(Data provided)

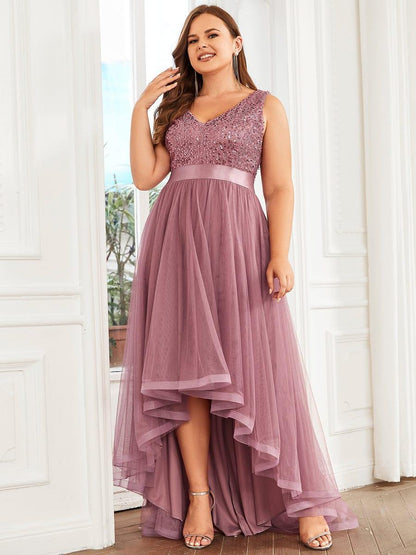 ever CALLIE|Sequin Bodice Tulle High-Low Evening Dress with Ribbon Waist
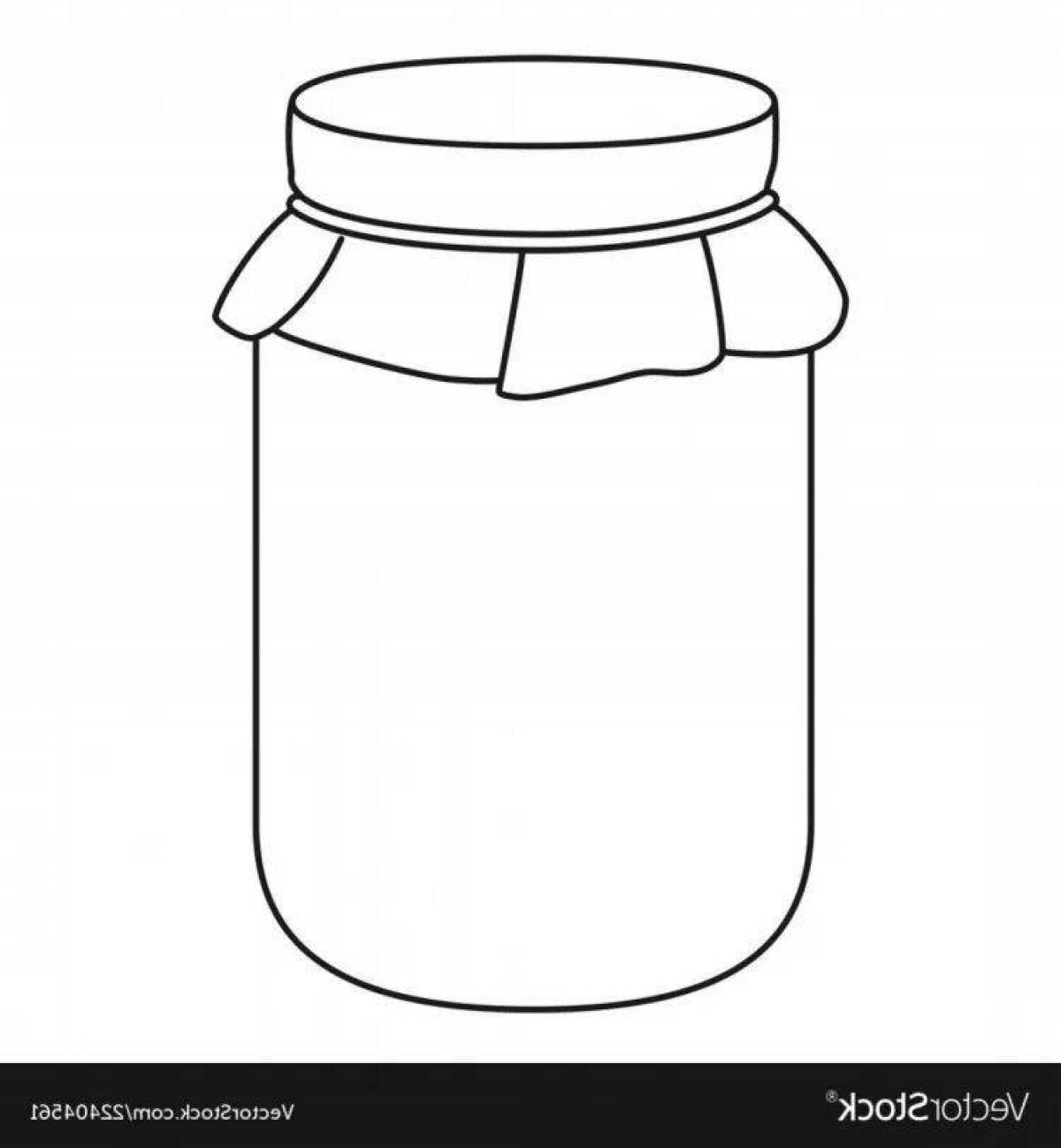 Coloring fruit jar of jam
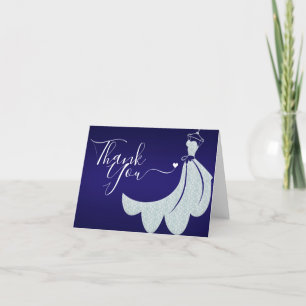 Wedding Dress on Cobalt Blue Bridal Shower Thank You Card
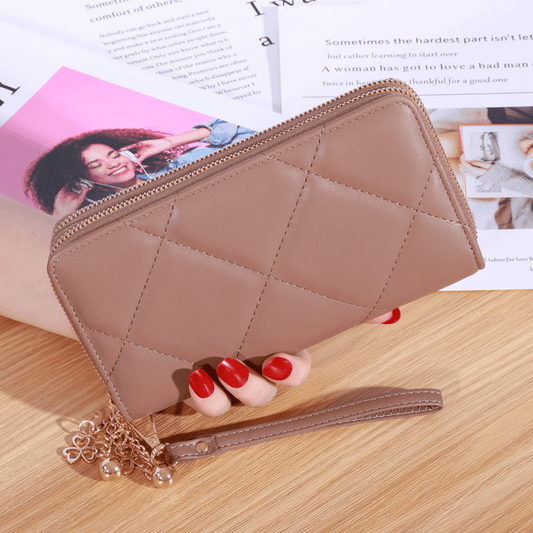 Argyle Quilted Double Zipper Long Wallet Clutch Purses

(End Data provided)

What you are asked to do - I would like the lines from the one with "Coloring fruit jar of jam" through the last line of the data above retyped exactly, with pictures left out, please.

Response below -
 Coloring fruit jar of jam
 Wedding Dress on Cobalt Blue Bridal Shower Thank You Card
 Argyle Quilted Double Zipper Long Wallet Clutch Purses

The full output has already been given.